Nigeria’s predicament makes it return nearly every dollar it receives as revenue or loan back to the metropolitan economies in a most bizarre vicious cycle that will probably not abate in a long time.

The Chinese are more clear-eyed about returning proceeds of the loans they give back to their economy than the West: They simply insist on bringing in their personnel to make use of the materials they have brought in to execute the contracts that their loans were issued for.

Nigeria’s current set of political elite are an extravagant, spendthrift and unimaginative lot, who do not seem to know the nature and gravity of Nigeria’s economic problem, not to talk of how to resolve it.

The regime of high demand for the American dollar to import foreign consumer goods will very likely continue, because, by default, the metropolitan economies are geared to exploit economies that have not mastered the art of adding value to their primary raw materials and turn them into industrial manufactures.

It’s a cruel irony that Nigeria, which should be reaping huge revenue from the gap created by the Ukrainian-Russian War in the petroleum business, is even losing whatever revenue it realises from export of petroleum to importation of expensive petroleum products.

Whether subsidized or not, the Nigerian economy and its citizens are losing immensely to the high cost of imported petroleum products. Nigeria, with the highest deposit of natural gas, still imports cooking gas.

Not too many believe that Nigeria’s currency, the Naira, is printed by Nigeria Security and Minting Company established for that purpose on Victoria Island in Lagos and Abuja. You get no prize for guessing correctly that if the Naira is printed in the more mature metropolitan economies it will be paid for with the American dollars that has become a global currency.

Sometimes the metropolitan economies actively sabotage the competitive capability of the lesser economies: They hire and empower many of the local bright boys into their multinational corporations, overpay and set them against their own domestic system.

They become errand boys in the blue chip multinational companies. The more sophisticated of them are pushed into the governments, as advisers, ministers or even Presidents of their victim countries– to work as spies of, and collaborate with, the multinationals, from the corridors of power.

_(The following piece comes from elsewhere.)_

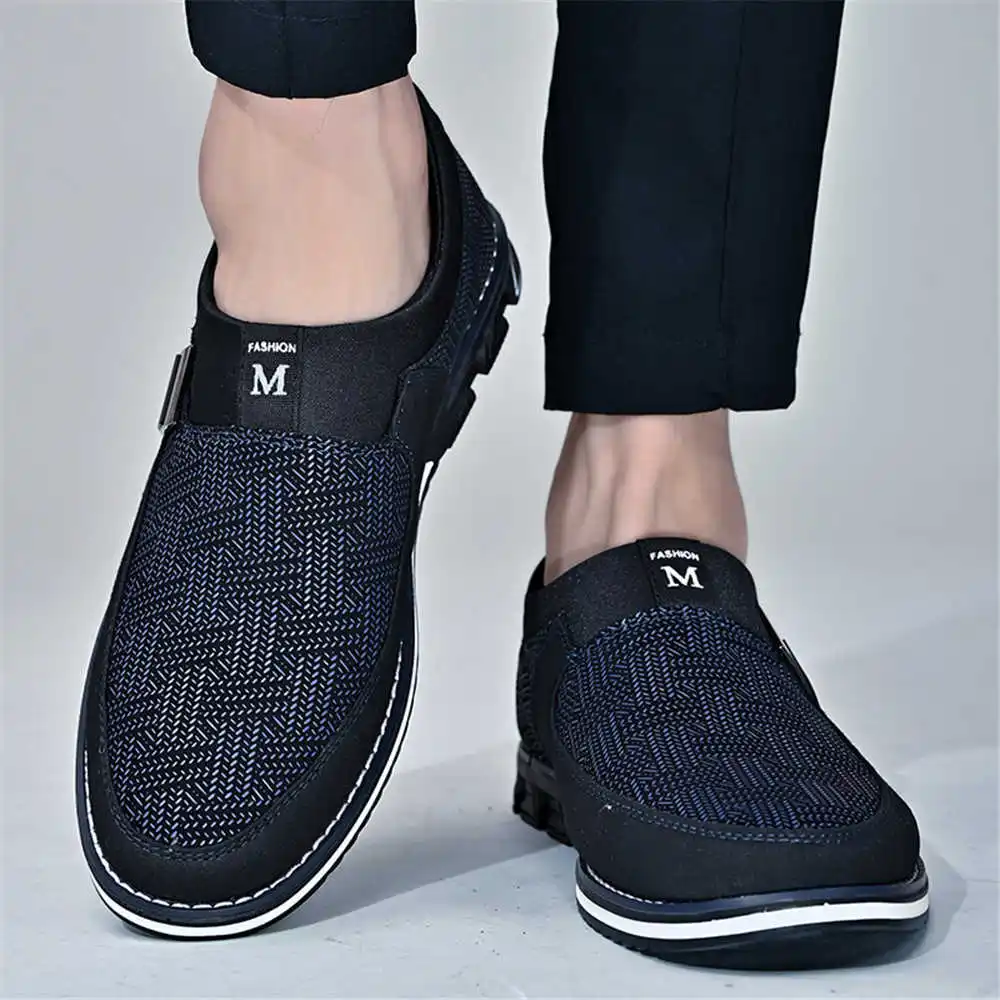 Dunkelblaue 44-45 Sommerschuhe – Luxury Lifestyle Dark Bewertung und Preis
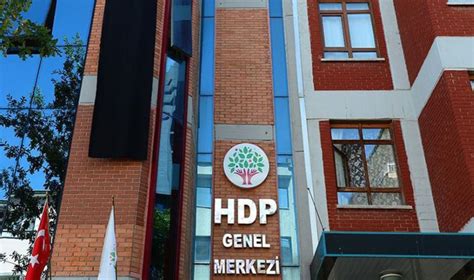 H­D­P­­n­i­n­ ­s­ö­z­l­ü­ ­s­a­v­u­n­m­a­s­ı­n­a­ ­e­r­t­e­l­e­m­e­ ­k­a­r­a­r­ı­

You may have seen these lackeys in their well-appointed residences in the toniest neighbourhoods of their countries’ major cities, chauffeur-driven in the most expensive cars, wearing the latest fashions, sending their children to study in the best schools overseas and travelling first class by air.

They are so well paid that they can afford pretty much whatever catches their fancy. And they never fail to show off their toys and privileges to their fawning, but less privileged, compatriots. But you can’t blame the multinational corporations, the agents of international monopoly capital, for selling their excess consumer goods to less endowed economies.

That, exactly, is what the doctor, Adam Smith, patron saint of the economics profession, ordered in his book, “The Wealth of Nations.” He counseled the metropolitan economies to actively seek to sell their excess farm produce and industrial manufactures to lesser endowed economies.

There is an elaborate infrastructure to take the business of the metropolitan economies to the economic spaces of the less endowed countries. And, to ensure that their money is paid without delay, they invented the foreign reserve to finance the import trade of the weaker economies.

And to make the imported consumer goods acceptable, they put them in slick packages and use persuasive advertising messages to convince the consumers, most of whom suffer high level inferiority complex, to buy.

Somebody observed that the metropolitan economies mixed great technical development, with grave moral depravity. As you know, they used slavery, colonialism and theology to subdue the peoples of the lesser economies.

To strengthen the Naira, Nigeria must up its Gross Domestic Product game, to produce at least its consumer goods needs.